With all due respect to Levy, he is wrong about all of this. The first of those two views is absolutely not the cause of the second of the two. Rather, the two views are independent of each other.
For one thing, Rosenberg’s critique of the system predates the beginning of his tenure as Senate president. For example, as he met with senators one-by-one during 2013 to seek their support for an office that he wouldn’t step into until January of 2015, one of the things that he did was set forth his critique of the existing system. By then, this critique had already been germinating for several years. It drew on Rosenberg’s first-hand experience as a long-serving member of the leadership team in the Senate.
Rosenberg thinks that the existing system for doing business in Legislature isn’t as transparent as it ought to be, the Legislature doesn’t engage the public as thoroughly as it should, and it isn’t productive enough.
If readers would like to acquaint themselves with a fuller version of his critique, they can listen to the podcast, where Rosenberg walks through its prime elements. Readers can then judge it for themselves.
As they listen, they might keep some things in mind: In a time of rapid change, the public’s demands on its elected representatives are rising. Increasingly, citizens expect legislatures to behave as the best of today’s customer-driven innovators behave: To be nimble, adaptable, resilient – and to engage them in two-way communication on multiple media platforms, the better to serve them. How should the Legislature respond? Should it try to expand its capacity, so as to stay abreast of the rise in demands? Or should it expect the public to reduce its level of demand, so that it fits within the Legislature’s existing capacity?
For another, as Rosenberg makes clear in the podcast interview, he is not dismayed by the Senate’s status as odd-man-out: “I don’t mind the two-to-one.” Also, he explains why it doesn’t dismay him:
“Just because there is a two-to-one alignment didn’t mean that the Senate didn’t help set the agenda and didn’t help move the agenda and didn’t get major legislation done.”
The major measures that became law during this session only because the Senate led on them include the increase in the state’s version of the Earned Income Tax Credit, reform of the Public Records Law, pay equity legislation, and the transgender rights bill.
In its consideration of several of the major measures submitted by the governor – such as those on energy, opioids, and MBTA fares – the Senate made them more progressive than they would have been otherwise.
Levy might wonder how the Senate can be odd-man-out but still make such an impact. There are a number of reasons, but one of them deserves to be identified here. The Senate makes an impact because the level and intensity of public support for some of what it has been willing to propose has been sufficiently strong.

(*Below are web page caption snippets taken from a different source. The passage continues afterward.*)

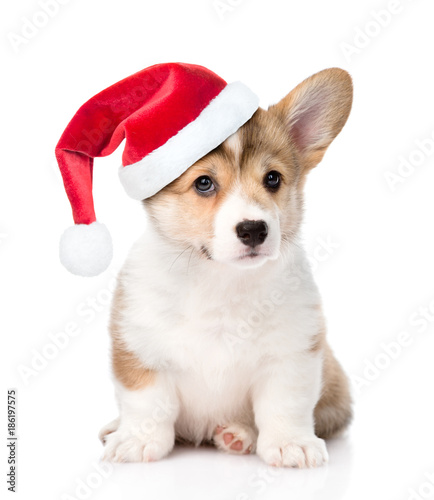 Pembroke Welsh Corgi puppy with red christmas hat sitting in front view. isolated on white background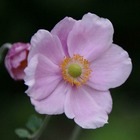 2 anémones 'königin charlotte' (anemone hybrida 'königin charlotte') - vendu par 2 - lot de 2 godets
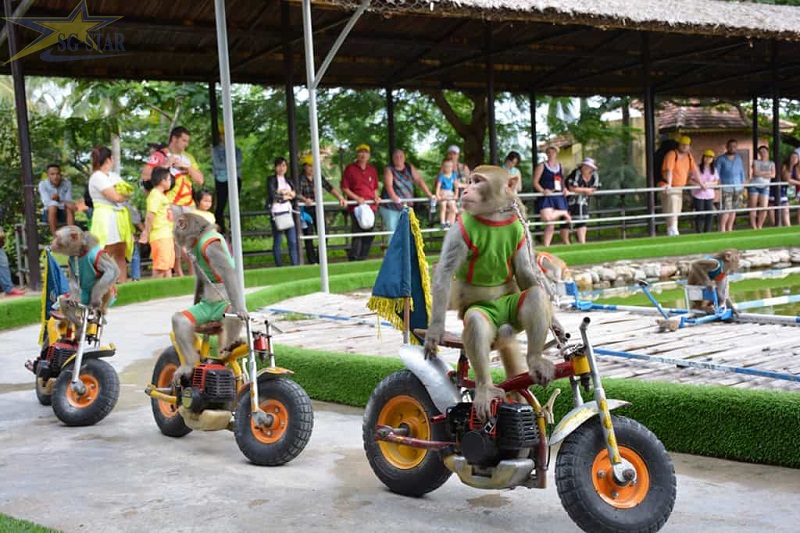 Những chú khỉ đang chuẩn bị bắt đầu cuộc đua
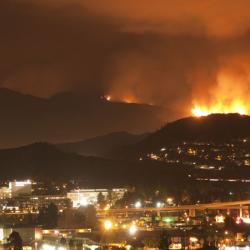 Wildfire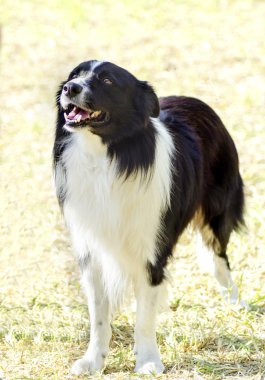 kenar kömür ocağı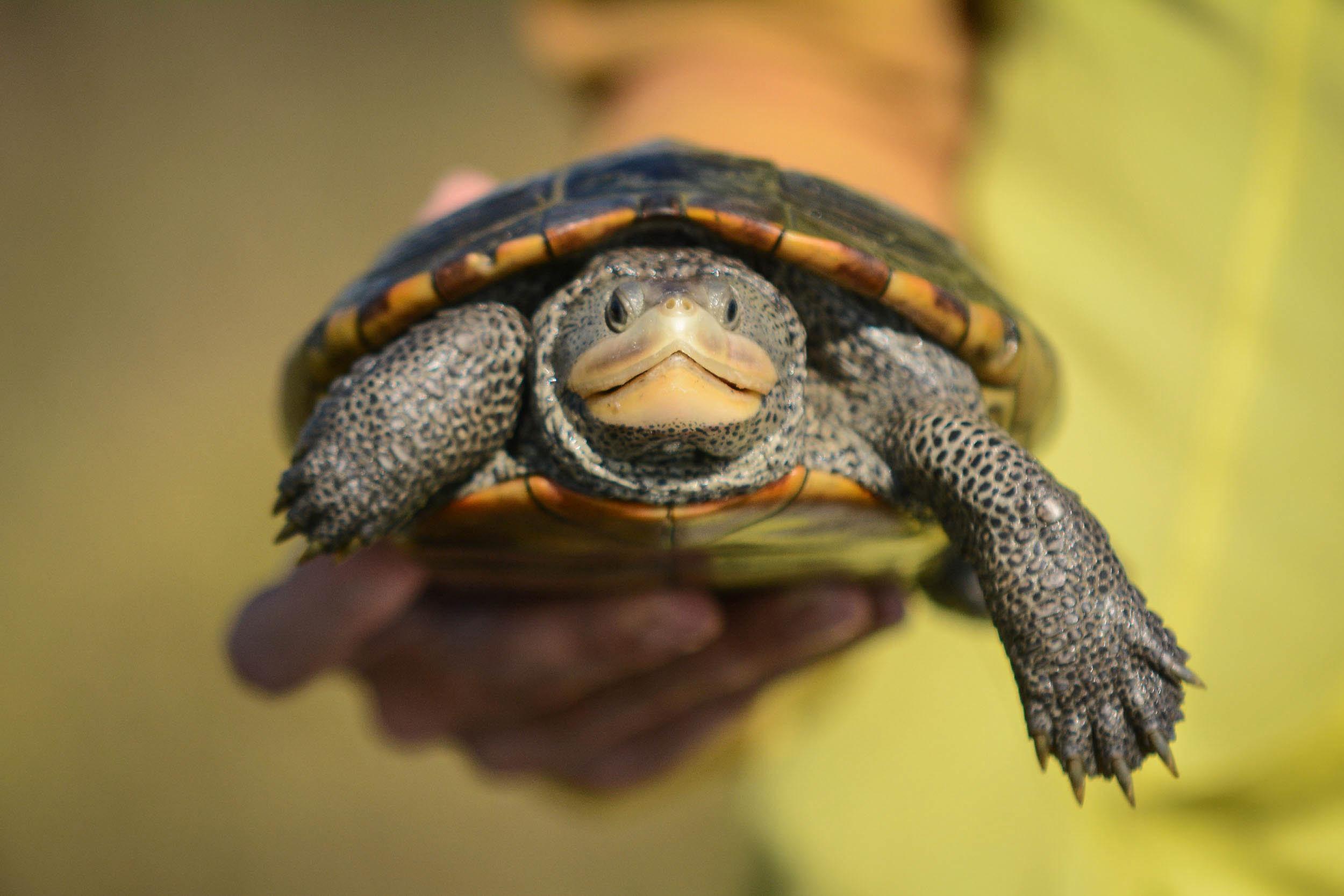 adopt a terrapin university of houston clear lake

Massachusetts is the home of at least two political universes: a national universe and a state universe. They overlap, but are nevertheless distinct. The national universe – our choices for federal offices – has become consistently and famously blue. The state political universe is currently purple.
Like the governor and the House, the Senate lives in the purple universe. More than the governor and the House, however, the Senate has lately been proposing policies that attract support not only in the purple universe but also from the blue universe.
This is because the proposals sync up with the national agenda of the Democratic Party. This isn’t true of all of the Senate’s proposals, of course, but it’s true of some of them. The blue support that these proposals can attract can give them an impetus that they otherwise might not enjoy and thus help to ensure their passage into law.
Ralph Whitehead recently retired as a professor of journalism at the University of Massachusetts Amherst. He is an adviser to Senate President Rosenberg.